Suppose $Y_1, Y_2, \dots, Y_n$ are independent Poisson random variables with means $\lambda_1, \lambda_2, \dots, \lambda_n$.
How do you find the conditional probability function of $Y_1$ given that $\displaystyle\sum_{i=1}^n Y_i=m$?
I know that $\displaystyle\sum_{i=1}^n Y_i \sim Poisson(\displaystyle\sum_{i=1}^n \lambda_i)$.
I've never worked with conditional probabilities, so forgive me if the solution here is trivial...

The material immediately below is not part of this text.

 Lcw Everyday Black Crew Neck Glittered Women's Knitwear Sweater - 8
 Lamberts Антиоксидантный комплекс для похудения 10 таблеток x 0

Ah this is quite nice since the answer that comes out is quite intuitive. Anyway you just apply Bayes' theorem, to get (for $0\leq k \leq m$):
$$ \begin{aligned} \Pr\left[Y_1 = k \bigg\vert \sum_{i=1}^n Y_i = m\right] &= \frac{\Pr\left[Y_1 = k \cap \sum_{i=1}^n Y_i = m\right]}{\Pr\left[\sum_{i=1}^n Y_i = m\right]} \\ &= \frac{\Pr\left[Y_1 = k \cap \sum_{i=2}^n Y_i = m-k\right]}{\Pr\left[\sum_{i=1}^n Y_i = m\right]} \\ &= \frac{\Pr\left[Y_1 = k \right]\Pr\left[\sum_{i=2}^n Y_i = m-k\right]}{\Pr\left[\sum_{i=1}^n Y_i = m\right]} \end{aligned} $$
In the final equality we used the independence of $Y_1$ and $\sum_{i=2}^k Y_i $.
Now you know all of the above expressions, since
$Y_1 \sim \mathrm{Pois}(\lambda_1)$, $\sum_{i=2}^n Y_i \sim \mathrm{Pois}(\sum_{i=2}^n \lambda_i)$ and $\sum_{i=1}^n Y_i \sim \mathrm{Pois}(\sum_{i=1}^n \lambda_i)$.
Plugging all of this in will finally yield:
$$ Y_1 \bigg\vert \sum_{i=1}^n Y_i = m \sim Bin\left(m, \frac{\lambda_1}{\sum_{i=1}^n \lambda_i}\right) $$
You can assume that $Y_1 = n$ for whatever $n$ you want, and then compute the entire probability that the rest of the variables sum to $m - n$, by exploiting the fact that the sum of the rest of the variables is Poisson with mean given by the sum of means of the individual Poissons.